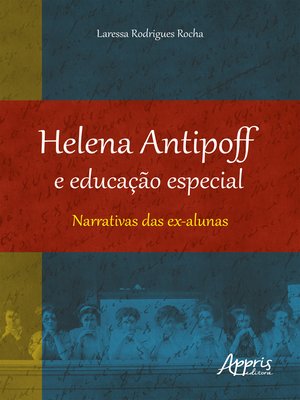 cover image of Helena Antipoff e Educação Especial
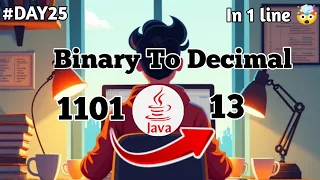 Java Hack Convert Binary to Decimal Like a Pro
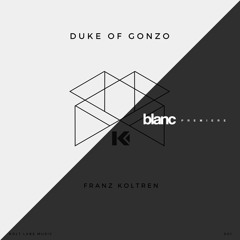 Franz Koltren - Duke Of Gonzo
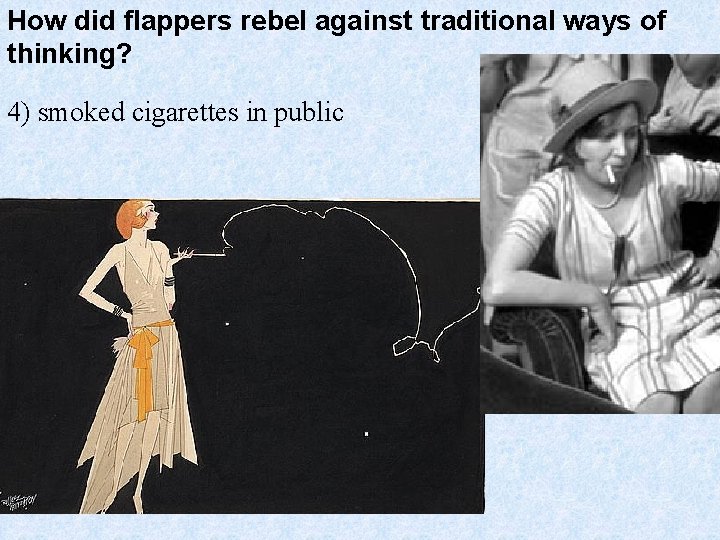 How did flappers rebel against traditional ways of thinking? 4) smoked cigarettes in public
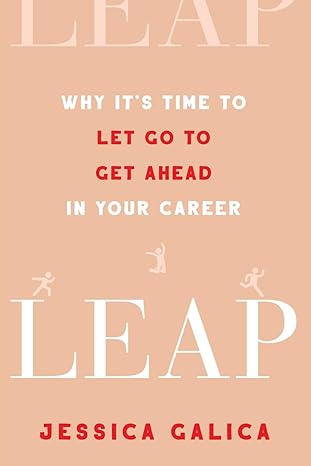 leap why its time to let go to get ahead in your career 1st edition jessica galica 1639080554, 978-1639080557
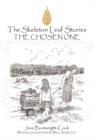 Image for The Skeleton Leaf Stories : The Chosen One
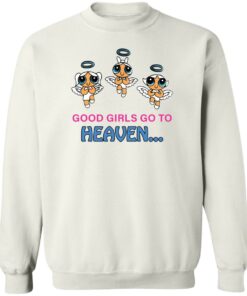Good girls go to heaven shirt Shirt Sweatshirt Long Sleeve Hoodie Tank Mug Tallys Mojos 4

* * * * * * * * *

Instructions to follow
From the first line to the last, return the material above exactly, apart from the pictures.

Solution to the exercise
 cover image of Helena Antipoff e Educação Especial
 Java Hack Convert Binary to Decimal Like a Pro
 Franz Koltren - Duke Of Gonzo
 How did flappers rebel against traditional ways of thinking? 4) smoked cigarettes in public
 leap why its time to let go to get ahead in your career 1st edition jessica galica 1639080554, 978-1639080557
 Image for The Skeleton Leaf Stories : The Chosen One
Good girls go to heaven shirt Shirt Sweatshirt Long Sleeve Hoodie Tank Mug Tallys Mojos 4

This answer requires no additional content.